05 enero 2019

El pacto que no cumpliré jamás


Tu nombre del WhatsApp tenía una T al final.
Creía que era el principio de nada, o que ni siquiera tenía un principio entre las manos. Queríamos que todo fuese frío, sin darnos cuenta que desde el primer momento se nos encendieron las velas. Suficientes para comenzar a provocar nuestro deshielo.

El corazón reseco y el alma pidiendo a gritos un hueco en esa cama desierta, aunque fuera en el borde, asumiendo gustoso el riesgo de caer al suelo en cualquier momento.
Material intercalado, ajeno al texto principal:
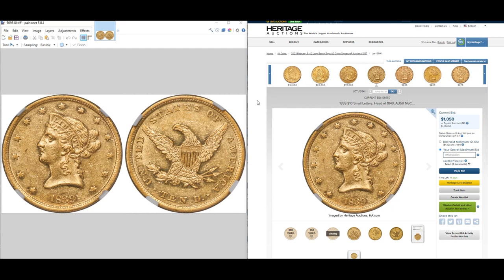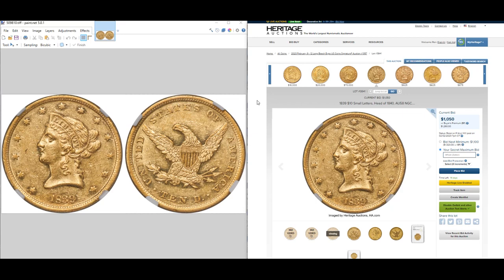Other good auction houses are Stacks Bowers, Goldberg's, Scotsman, Great Collections — most of the auction houses today have very good images. They either have their own in-house photography or they'll use PCGS TrueView, and now NGC has their own service called Photo Vision. So as researchers, our lives have been made tremendously easier by the advances in technology.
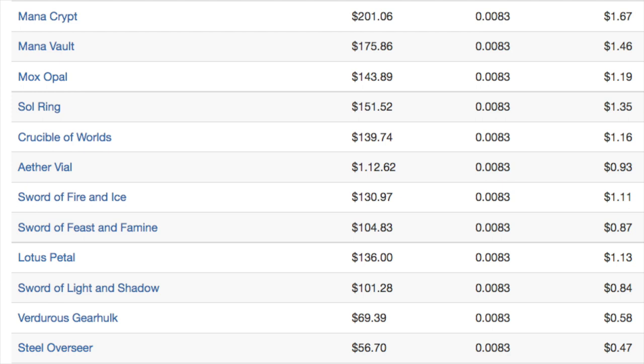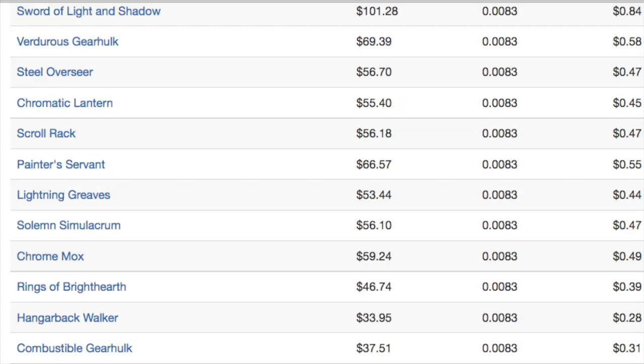Soul Ring at $151. Aether Vial at $112. The Sword of Fire and Ice at $130. Feast and Famine at $104. Lotus Petal at $136. Gearhulk at $69. The Green one and Red Gearhulk at $37. Hangarback Walker only at $34.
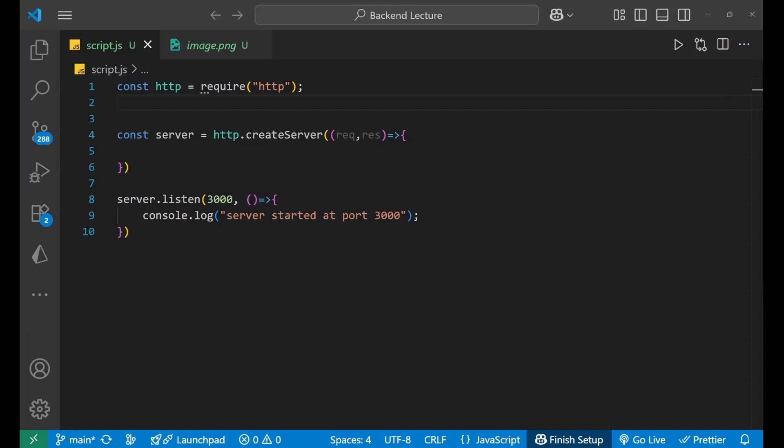In this lecture we are going to learn about how to handle redirects in the Node.js HTTP module. You may have seen in many websites that when you enter some old URL the website automatically redirects you to the new URL. This is totally dependent on the HTTP status code 301, which we are going to implement in this lecture.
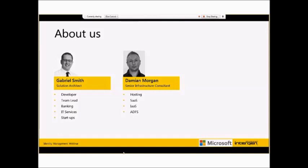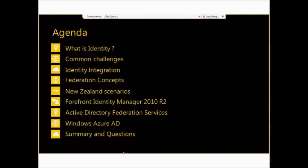Over my time at Intigen I've been involved in a number of identity-related projects in various government sectors. My name is Damian Morgan, I'm a senior infrastructure consultant here at Intigen, also been with Intigen for just over three years, mostly working in our hosting environments and consulting around various infrastructure deployments with a keen focus on ADFS deployments for various Microsoft-based solutions including Dynamics CRM and SharePoint.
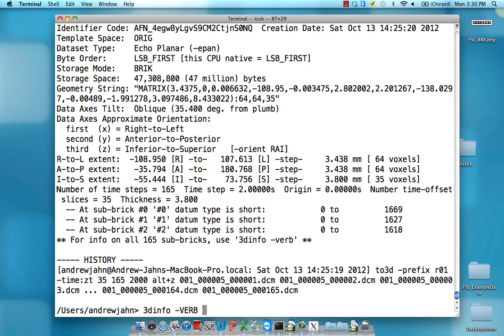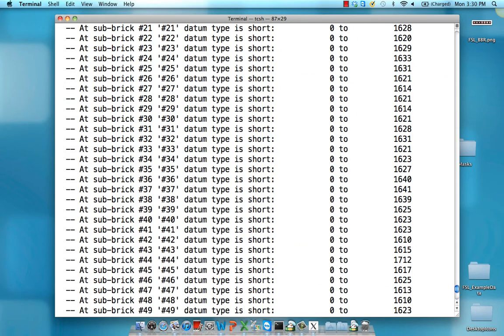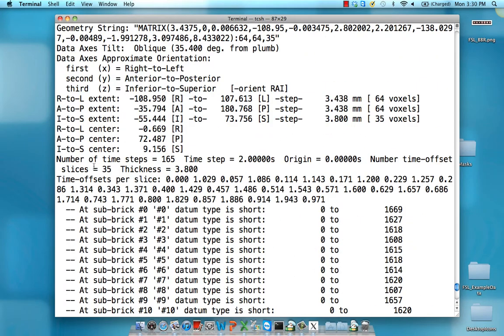You can produce more information by using the all caps verb command. In this case, you might want to know information about the time offset between the slices if you're doing something like slice timing correction. This also gives you information about whether the slices, the acquisition is interleaved or sequential, and whether it's ascending or descending.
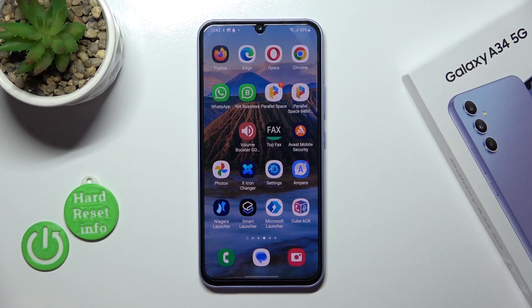Hi, it's DDM for the Galaxy A34 and I will show you how to change the lock screen wallpaper on this device.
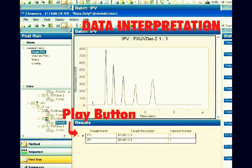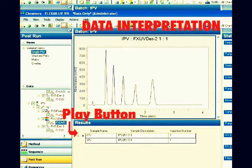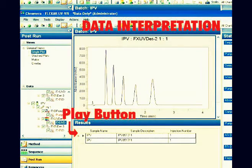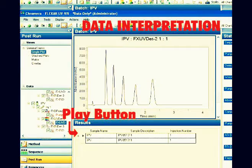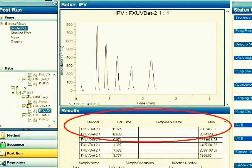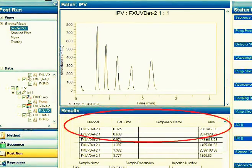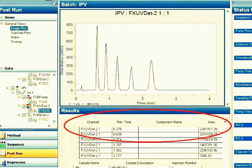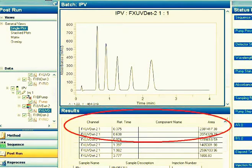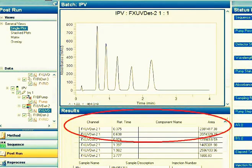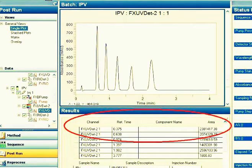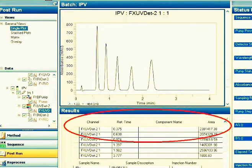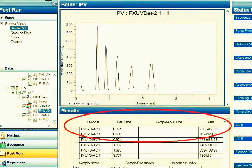After we obtain our final chromatogram, the next thing we want to determine is the corresponding area for each peak. To determine the area for each peak, we just need to click the play button beside the sample name and it will reveal a table with a column showing residence time and area. For example, I want to determine the area for the peak with a residence time of 0.375 minutes. The corresponding area for this one is 2,381,417.38.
Una vez más, volví a confundir el cielo y el infierno, los ángeles con los demonios y mi resonar de tripas con ¿la misma piedra?. No, no lograba entender el blanco y el negro, y mi mente grisácea y sucia se descoloraba día tras día.

Casi éramos nada y ya empezábamos a dudar si seguir siendo. Quitarnos la armadura media hora, cada dos domingos, tocarnos el cuerpo y osar rozarnos el alma sin quererlo.

Hasta que llegó un momento en el que me moría de ganas por lanzarme, al precipicio, al volcán en erupción, al fondo del océano. Lanzarme a morir a los leones, con el afán temerario de ignorar cualquier pasado.

Lanzarme, eso quería yo.
De cabeza, desnudo, sin el arnés de seguridad.

Maltratando el pacto de sangre que hicimos, y sabía que no iba a cumplir jamás.